Building pipelines
Before constructing pipelines, let’s briefly recap two key concepts from the previous chapter: currying and partial application. These techniques are fundamental to creating flexible, reusable function components that serve as excellent pipeline building blocks.
Currying, as we learned, transforms a function that takes multiple arguments into a sequence of functions, each accepting a single argument. Here’s an example:
Func<int, int, int> add = (a, b) => a + b; Func<int, Func<int, int>> curriedAdd = a => b => a + b;
Partial application, on the other hand, involves fixing a number of arguments to a function, producing another function with fewer parameters:
Func<int, int, int> multiply = (a, b) => a * b; Func<int, int> triple = x => multiply(3, x);
These concepts naturally lead on to pipeline construction. By currying functions or partially applying them, we create specialized, single-purpose functions that can be easily composed into pipelines. This approach allows us to do the following:
- Break down complex operations into simpler, more manageable pieces
- Reuse these pieces across different pipelines or contexts
- Create more expressive and readable code by chaining these specialized functions
For instance, consider a pipeline for processing game data:
var processGameData = LoadData() .Then(ValidateData) .Then(TransformData) .Then(SaveData);
Each step in this pipeline could be a curried or partially applied function, allowing for easy customization and reuse. As we explore pipeline construction further, remember how currying and partial application can be leveraged to create more flexible and powerful pipelines.
Now, let’s move on to building pipelines.
Pipelines process data through a sequence of processing steps, each represented by a function. This approach is particularly useful for tasks that require multiple transformations, validations, or computations. You most probably have already encountered pipelines while using LINQ to manipulate collections.
Let’s consider a real-world scenario: an Extract, Transform, Load (ETL) process for publishing manuscripts.
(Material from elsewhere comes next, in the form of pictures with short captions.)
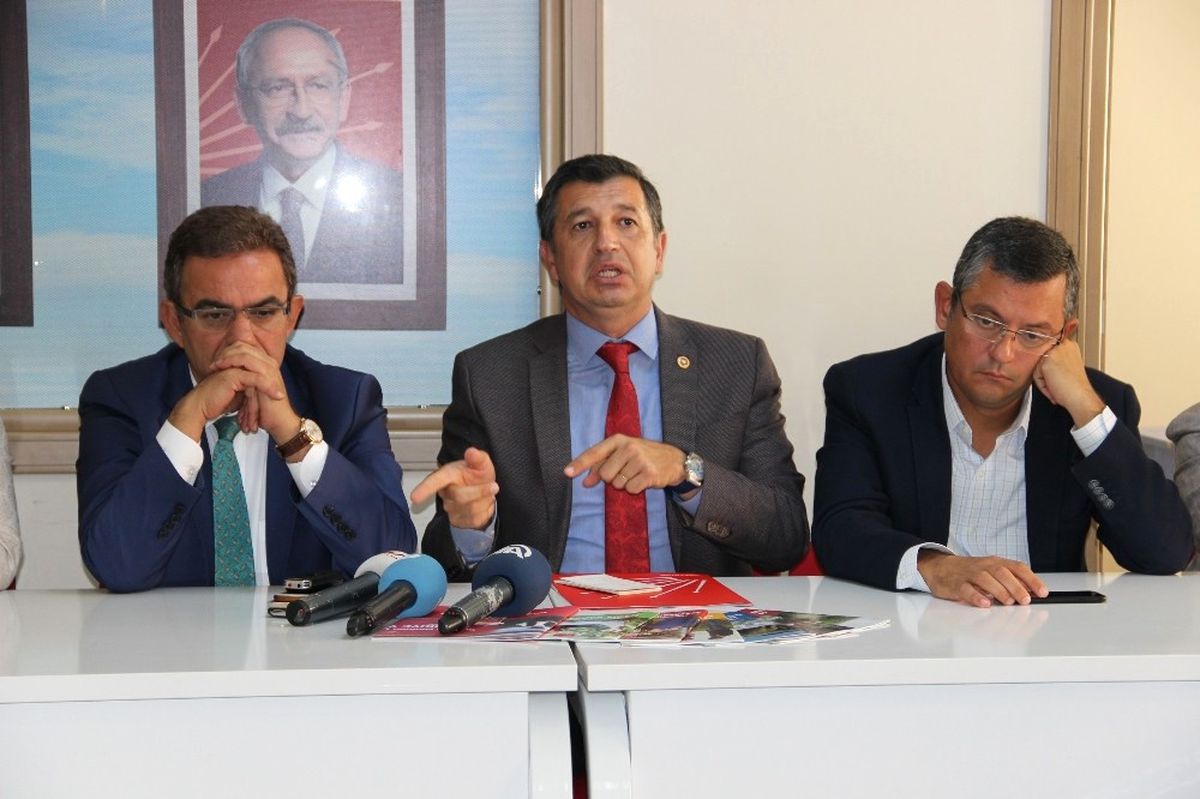 CHP\'nin Kurmayları Üzüm Mitingi İçin Manisa\'da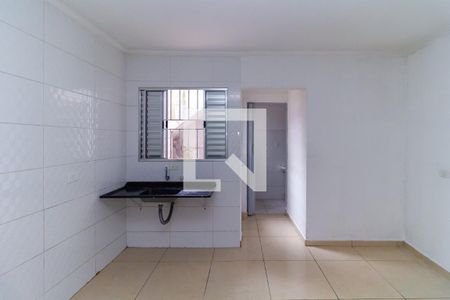 Cozinha de casa para alugar com 2 quartos, 150m² em Vila Mercedes, São Paulo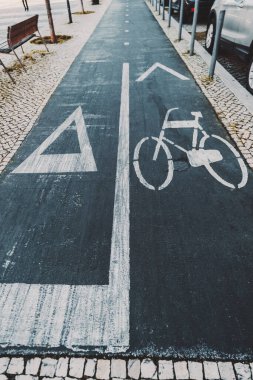 Pencerenin önünde üst katta bir iş görüşmesi: ciddi yakışıklı beyaz erkek girişimci bir dizüstü bilgisayarı işaret ediyor ve iş arkadaşına görevler veriyor - uzun saçlı bir iş kadını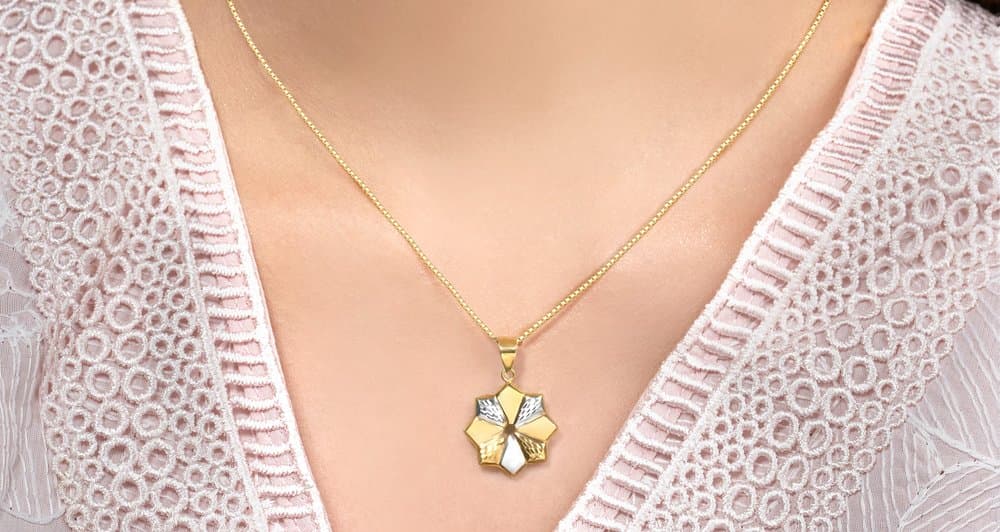Cek 5 Cara Styling Kalung Emas dengan Berlian agar Tetap Standout Anti Boring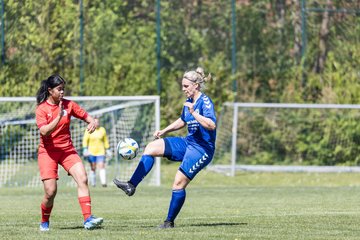 Bild 109 - F TSV Zarpen - Holstein Kiel II : Ergebnis: 2:6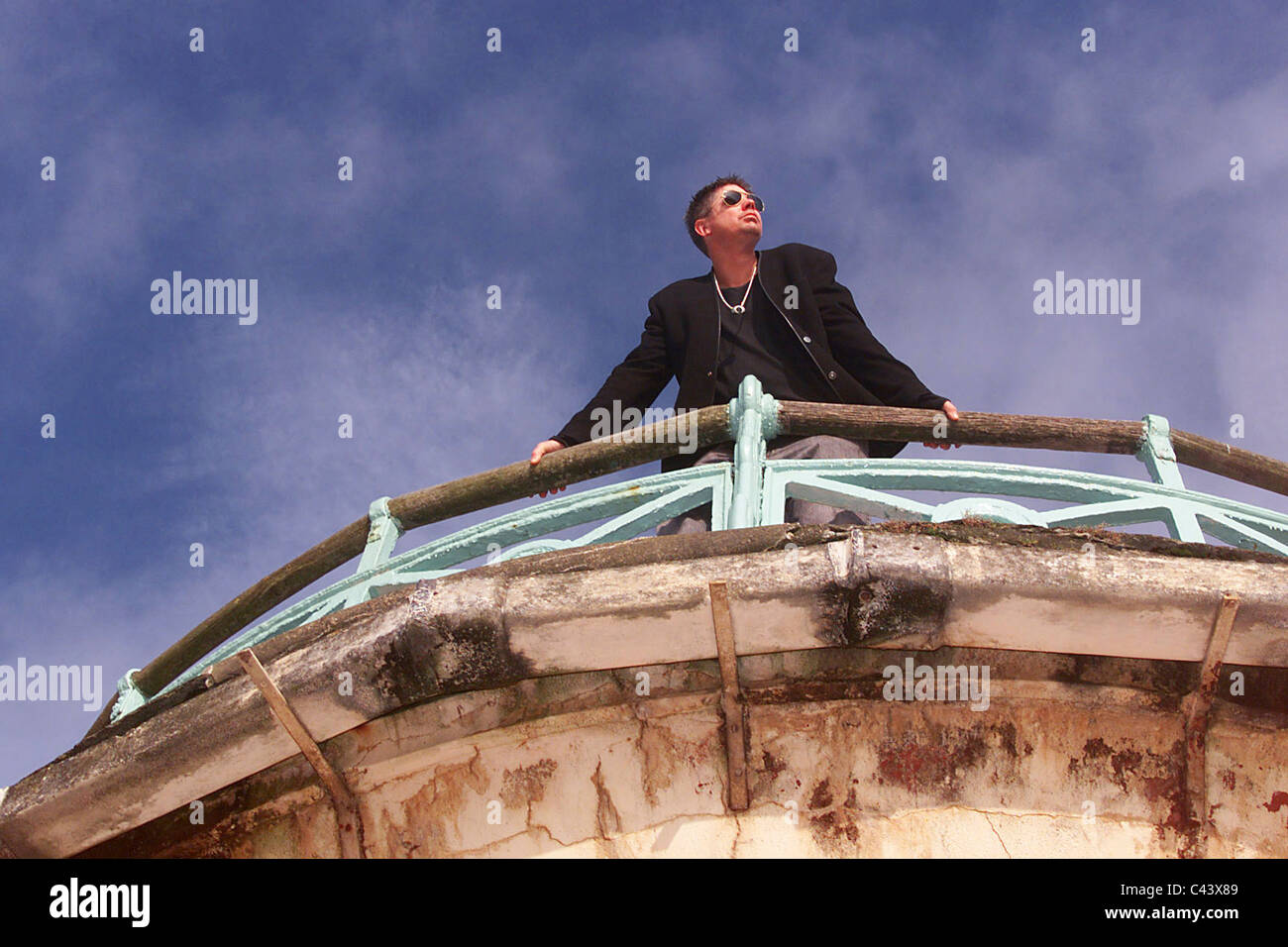 Vicini soap star Mark Little sul lungomare di Brighton poco dopo aver lasciato il 'La Grande colazione' show televisivo. Foto Stock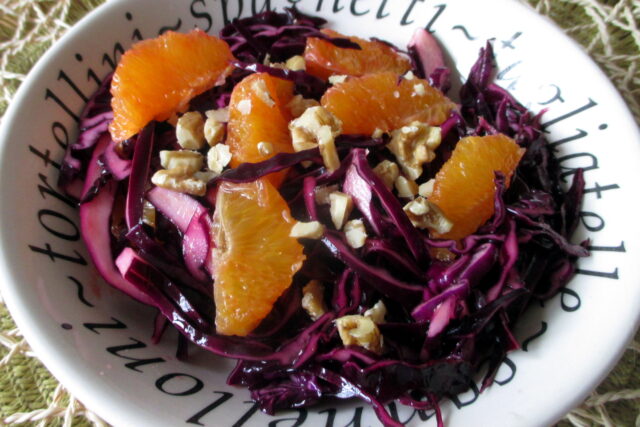 Insalata di cavolo rosso con arance e noci, Mangia senza Pancia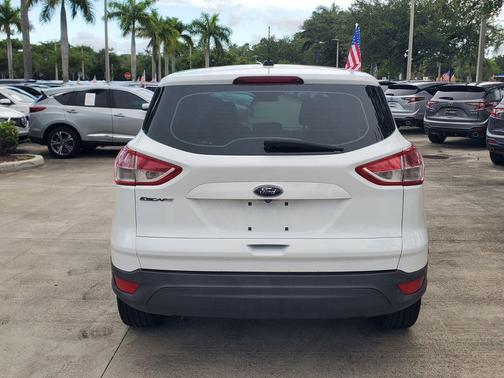 OXFORD WHITE 2016 Ford Escape S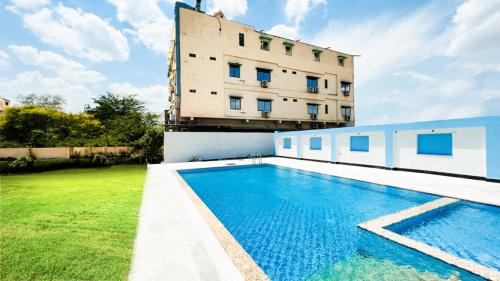 hotel the mewar near airport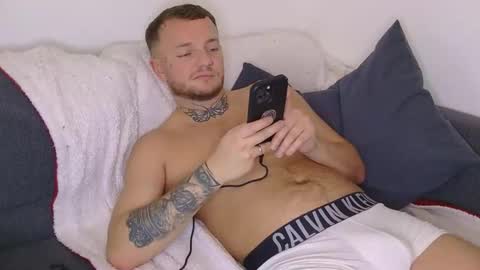 cutescottishlad online show from 10.14.25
This process involves several steps:
- Extracting (querying) the manuscript from a database
- Validating its content
- Transforming it into the required format
- Loading (submitting) it for publication
Each step can be represented as a function, and we can use a pipeline to streamline this process. To do this, let’s create a method that applies a sequence of functions to an initial value, passing the result of each function to the next, and name it Pipe
:
public static T Pipe<T>(this T source, params Func<T, T>[] funcs) { return funcs.Aggregate(source, (current, func) => func(current)); }
Let’s consider book manuscript processing: querying the manuscript from a database, validating its content, transforming it into the required format, and finally submitting it for publication:
public class Manuscript { public string Content { get; set; } public bool IsValid { get; set; } public string FormattedContent { get; set; } } public Manuscript Query(Manuscript manuscript) { // Simulate querying the manuscript from a database manuscript.Content = "Original manuscript content."; return manuscript; } public Manuscript Validate(Manuscript manuscript) { // Simulate validating the manuscript manuscript.IsValid = !string.IsNullOrWhiteSpace(manuscript.Content); return manuscript; } public Manuscript Transform(Manuscript manuscript) { // Simulate transforming the manuscript content if (manuscript.IsValid) { manuscript.FormattedContent = manuscript.Content.ToUpper(); } return manuscript; } public Manuscript Submit(Manuscript manuscript) { // Simulate submitting the manuscript for publication if (manuscript.IsValid) { Console.WriteLine($"Manuscript submitted: {manuscript.FormattedContent}"); } else { Console.WriteLine("Manuscript validation failed. Submission aborted."); } return manuscript; }
Here’s how we might execute this flow without using the Pipe
method:
public void ExecutePublishingFlow(Manuscript manuscript) { manuscript = Submit( Transform( Validate( Query( manuscript)))); }
Now, using the Pipe
method, our code becomes 10 times better:
public void ExecutePublishingFlow(Manuscript manuscript) { manuscript .Pipe(Query) .Pipe(Validate) .Pipe(Transform) .Pipe(Submit); }
Of course, it adds a bit of overhead, and the program might work noticeably more slowly, but it’s so much easier and faster to read!